The head of the British armed forces, Jock Stirrup, said earlier that Britain was doing "much more than its fair share" of the fighting in Afghanistan compared with other NATO allies.
Obama and Brown discussed Afghanistan in a phone call after Britain said it was sending 125 more troops to replace soldiers killed or wounded in an offensive against Taliban insurgents.
"They agreed on the importance of better military and civilian burden-sharing with NATO allies," a statement from Brown's office said.
Britain has temporarily boosted its contingent in Afghanistan to just over 9,000 to help provide security for next month's presidential election. It has the second largest foreign force after the United States.
U.S. and British troops have launched major offensives against the Taliban in the southern province of Helmand.
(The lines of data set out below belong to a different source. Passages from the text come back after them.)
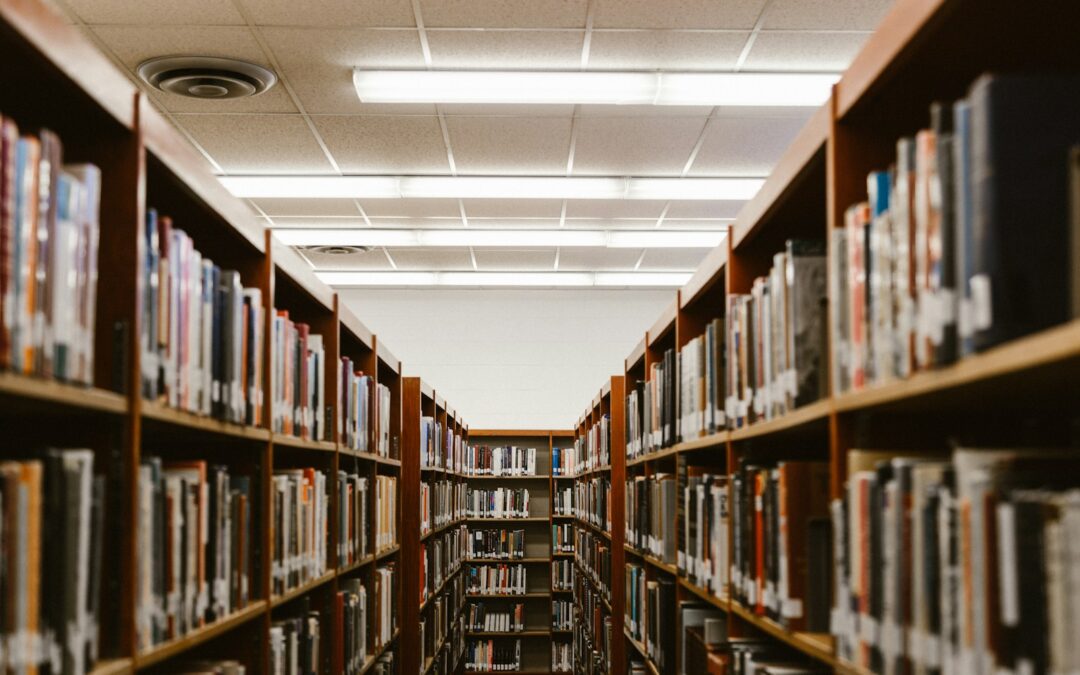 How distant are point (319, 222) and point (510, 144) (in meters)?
2.32

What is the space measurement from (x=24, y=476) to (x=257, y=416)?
115 centimetres

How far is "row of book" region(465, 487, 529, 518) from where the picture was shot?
9.75 m

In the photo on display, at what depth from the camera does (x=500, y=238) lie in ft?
27.1

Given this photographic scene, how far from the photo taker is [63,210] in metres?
1.43

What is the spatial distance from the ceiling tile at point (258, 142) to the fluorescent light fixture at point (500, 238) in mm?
1558

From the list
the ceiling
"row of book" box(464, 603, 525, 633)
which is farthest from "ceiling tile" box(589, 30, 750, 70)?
"row of book" box(464, 603, 525, 633)

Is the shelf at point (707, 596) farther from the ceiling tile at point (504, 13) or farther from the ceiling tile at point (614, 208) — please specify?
the ceiling tile at point (614, 208)

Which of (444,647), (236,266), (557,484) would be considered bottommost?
(444,647)

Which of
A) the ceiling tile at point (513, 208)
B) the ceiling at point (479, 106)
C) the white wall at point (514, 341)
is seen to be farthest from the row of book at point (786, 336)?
the white wall at point (514, 341)

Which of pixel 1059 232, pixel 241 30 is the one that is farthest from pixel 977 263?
pixel 241 30

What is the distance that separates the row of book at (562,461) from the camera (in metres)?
9.74

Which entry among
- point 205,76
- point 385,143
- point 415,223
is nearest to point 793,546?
point 205,76

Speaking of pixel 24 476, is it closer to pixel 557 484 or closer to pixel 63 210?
pixel 63 210

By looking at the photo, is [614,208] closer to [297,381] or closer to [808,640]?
[297,381] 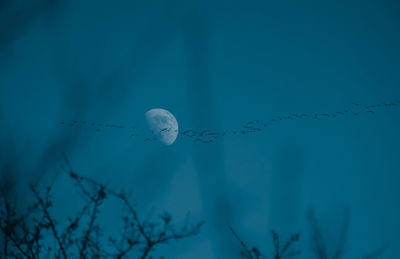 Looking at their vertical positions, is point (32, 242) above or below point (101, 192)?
below

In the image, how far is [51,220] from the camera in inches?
310

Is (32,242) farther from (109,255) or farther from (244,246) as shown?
(244,246)

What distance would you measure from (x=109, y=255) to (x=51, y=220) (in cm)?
185

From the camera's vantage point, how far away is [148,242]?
8.23 metres

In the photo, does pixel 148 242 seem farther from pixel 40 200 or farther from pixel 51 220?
pixel 40 200

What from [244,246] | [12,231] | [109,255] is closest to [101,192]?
[109,255]

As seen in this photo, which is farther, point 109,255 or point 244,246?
point 244,246

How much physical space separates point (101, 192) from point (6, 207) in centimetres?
274

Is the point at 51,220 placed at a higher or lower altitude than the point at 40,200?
lower

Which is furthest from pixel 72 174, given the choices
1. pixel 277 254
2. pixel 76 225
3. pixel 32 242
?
pixel 277 254

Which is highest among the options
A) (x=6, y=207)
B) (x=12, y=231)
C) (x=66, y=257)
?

Nineteen British soldiers have been killed in Afghanistan this month, one of the highest monthly tolls since the 2001 U.S.-led invasion.
QUESTIONS OVER WAR
The toll has triggered questions in Britain over whether there are enough troops to complete the task, whether they are properly equipped and if they should be in Afghanistan at all.
Obama and Brown agreed that despite the human cost, military operations in Helmand were making progress and were helping to provide much-needed security for the elections.
"Going forward, there needed to be a continued balance between security, governance and economic development as part of a comprehensive approach, with increased training of Afghan security forces," the statement said.
Obama and Brown also said it was important to work to make the elections as credible and inclusive as possible.
British Defense Secretary Bob Ainsworth said he had decided to send 125 more soldiers to Afghanistan after commanders told him reinforcements were necessary to "maintain our operational tempo and consolidate the real progress we have made."
A Ministry of Defense spokesman said the reinforcements were intended to maintain the British force at just over 9,000 rather than to increase it.
The total British death toll of 188 surpasses the number of British soldiers killed in Iraq after the 2003 invasion.
Brown has been dogged by accusations that a shortage of helicopters in Afghanistan is endangering British soldiers because they are forced to use roads where they regularly become targets for bombs set by Taliban insurgents. He denies it.